Saturday, November 07, 2009

Against Triumphalism: The Complex Legacy of 1989

Fred Halliday observes that 20 years on, there is much to celebrate in communism's collapse, but at the same time much horror followed. Putting 1989 in its proper global perspective forces us to recognize "other, less liberal and less welcome outcomes of the Soviet retreat; and the consequences of these events are very much alive today."

Similarly counterintuitive, it's instructive to recall the American origins of Canadian socialism:

3 Comments:

Blogger Bernard said...

The link is not correct

http://www.opendemocracy.net/fred-halliday/other-1989s

10:56 AM  
Blogger Terry Glavin said...

Found another with a version of same.

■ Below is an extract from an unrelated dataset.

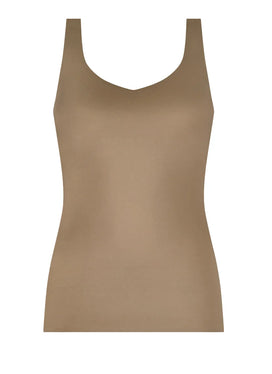 Sliponline Ten Cate Secrets dames hemd V-hals - 2-way  31614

Thanks.

12:01 PM  
Blogger Unknown said...

I hope this will at the very least give pause to anyone in the Canadian Studies program at SFU who had to endure the obnoxious Canadian nationalist Robin Matthews, a man whose life's work it was to identify and expunge all American ideas and any Americans or Canadians who allegedly promoted American ideas in schools, in the arts and in the media, from Canadian public life.

For Matthews, Northrop Frye, Margaret Atwood, Mordechai Richler and 1960's era Vancouverite poetry collectives were all agents for the US imperialist regime and any professor or teaching assistant in a Canadian university who happened to be born on American soil was to be "outed" and fired.

Undoubtedly Matthews, a stalwart Dipper with a blog, would dismiss the irony that his lifelong campaign to purge American ideas from Canadian life would also have been a campaign to purge the CCF from Canada had he been around a tad earlier.